Life choices: A story about Buffett, Precision Castparts, Symantec, non-GAAP, and goodwill
"I took the one less traveled by, And that has made all the difference."
“We are our choices.”
― Jean-Paul Sartre
Today's newsletter is about life choices.
It's also about Warren Buffett, and Precision Castparts, and Symantec, and non-GAAP and goodwill.
I was working on some final lectures for my course at Wharton and reviewing previous professors' lectures. In a section about management decision making I ran across a discussion of "but for" causation claims in litigation.

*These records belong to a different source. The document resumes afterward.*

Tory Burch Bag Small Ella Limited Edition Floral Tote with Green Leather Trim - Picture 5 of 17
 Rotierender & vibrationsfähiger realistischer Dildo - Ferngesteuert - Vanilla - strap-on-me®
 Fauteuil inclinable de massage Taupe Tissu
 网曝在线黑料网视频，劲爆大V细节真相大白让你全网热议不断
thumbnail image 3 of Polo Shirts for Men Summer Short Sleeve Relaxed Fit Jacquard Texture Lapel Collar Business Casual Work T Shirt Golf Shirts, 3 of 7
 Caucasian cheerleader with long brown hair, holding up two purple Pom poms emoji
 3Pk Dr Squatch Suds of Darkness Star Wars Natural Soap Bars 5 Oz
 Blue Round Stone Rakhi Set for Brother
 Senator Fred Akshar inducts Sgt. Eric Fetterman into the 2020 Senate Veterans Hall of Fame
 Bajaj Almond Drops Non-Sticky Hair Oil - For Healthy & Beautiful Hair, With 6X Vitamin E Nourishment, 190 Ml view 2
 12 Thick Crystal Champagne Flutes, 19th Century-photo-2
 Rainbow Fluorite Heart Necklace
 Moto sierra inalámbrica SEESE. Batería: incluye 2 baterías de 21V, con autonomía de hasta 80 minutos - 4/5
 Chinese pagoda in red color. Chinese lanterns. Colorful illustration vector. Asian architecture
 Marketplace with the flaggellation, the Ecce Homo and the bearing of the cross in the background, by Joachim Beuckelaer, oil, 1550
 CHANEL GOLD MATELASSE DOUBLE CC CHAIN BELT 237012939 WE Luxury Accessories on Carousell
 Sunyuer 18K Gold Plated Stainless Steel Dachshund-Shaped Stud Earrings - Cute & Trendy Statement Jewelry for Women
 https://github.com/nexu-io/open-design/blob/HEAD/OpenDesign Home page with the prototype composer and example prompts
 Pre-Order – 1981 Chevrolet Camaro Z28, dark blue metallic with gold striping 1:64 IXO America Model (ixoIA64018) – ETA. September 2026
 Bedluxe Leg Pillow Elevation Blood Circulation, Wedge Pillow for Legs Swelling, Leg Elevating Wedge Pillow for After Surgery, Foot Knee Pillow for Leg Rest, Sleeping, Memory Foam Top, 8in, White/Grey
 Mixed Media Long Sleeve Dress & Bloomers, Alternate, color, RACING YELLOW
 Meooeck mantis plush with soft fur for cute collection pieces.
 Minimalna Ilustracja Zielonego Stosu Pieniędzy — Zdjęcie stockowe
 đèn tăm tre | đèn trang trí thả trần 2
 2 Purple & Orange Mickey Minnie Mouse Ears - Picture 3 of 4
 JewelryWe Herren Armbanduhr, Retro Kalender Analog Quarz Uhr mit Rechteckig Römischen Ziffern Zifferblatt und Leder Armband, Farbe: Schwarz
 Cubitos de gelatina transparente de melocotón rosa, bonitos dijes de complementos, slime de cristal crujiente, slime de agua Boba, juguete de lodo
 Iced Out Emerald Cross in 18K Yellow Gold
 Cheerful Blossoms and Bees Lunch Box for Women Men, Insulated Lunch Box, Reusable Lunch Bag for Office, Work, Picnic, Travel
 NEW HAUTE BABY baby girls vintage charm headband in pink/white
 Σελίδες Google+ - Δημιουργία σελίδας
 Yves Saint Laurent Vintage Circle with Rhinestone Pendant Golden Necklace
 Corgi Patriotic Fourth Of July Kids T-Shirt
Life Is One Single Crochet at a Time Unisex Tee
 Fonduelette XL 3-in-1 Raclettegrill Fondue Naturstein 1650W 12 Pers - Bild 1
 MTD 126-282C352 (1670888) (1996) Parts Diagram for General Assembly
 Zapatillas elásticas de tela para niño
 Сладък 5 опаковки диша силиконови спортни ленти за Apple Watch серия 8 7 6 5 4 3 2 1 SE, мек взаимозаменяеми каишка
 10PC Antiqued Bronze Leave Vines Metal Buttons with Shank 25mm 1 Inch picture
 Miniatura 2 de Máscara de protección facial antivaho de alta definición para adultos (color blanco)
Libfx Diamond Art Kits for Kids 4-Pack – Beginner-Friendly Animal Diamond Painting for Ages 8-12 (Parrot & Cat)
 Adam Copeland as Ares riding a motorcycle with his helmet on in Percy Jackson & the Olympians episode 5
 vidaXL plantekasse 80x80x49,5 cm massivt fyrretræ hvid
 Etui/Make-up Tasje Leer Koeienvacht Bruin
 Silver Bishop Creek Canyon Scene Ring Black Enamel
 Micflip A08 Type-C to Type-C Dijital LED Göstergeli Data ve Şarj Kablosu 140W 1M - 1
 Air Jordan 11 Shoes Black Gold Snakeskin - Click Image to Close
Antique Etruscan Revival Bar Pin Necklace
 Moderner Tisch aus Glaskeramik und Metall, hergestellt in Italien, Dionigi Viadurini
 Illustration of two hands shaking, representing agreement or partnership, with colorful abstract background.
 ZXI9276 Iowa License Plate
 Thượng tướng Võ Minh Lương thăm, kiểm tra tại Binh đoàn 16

In cases where a plaintiff, to sustain a claim, must plead actual cause, such factual or actual cause has traditionally been governed by the "but-for" test:
“The traditional way to prove that one event was a factual cause of another is to show that the latter would not have occurred ‘but for’ the former.” Paroline v. United States, 572 U.S. 434, 449–50 (2014). As the Supreme Court has instructed, “[t]his ancient and simple ‘but for’ common law causation test … supplies the ‘default’ or ‘background’ rule against which Congress is normally presumed to have legislated when creating its own new causes of action.” Comcast Corp. v. Nat’l Ass’n of African Am.-Owned Media, 140 S. Ct. 1009, 1014 (2020).[1]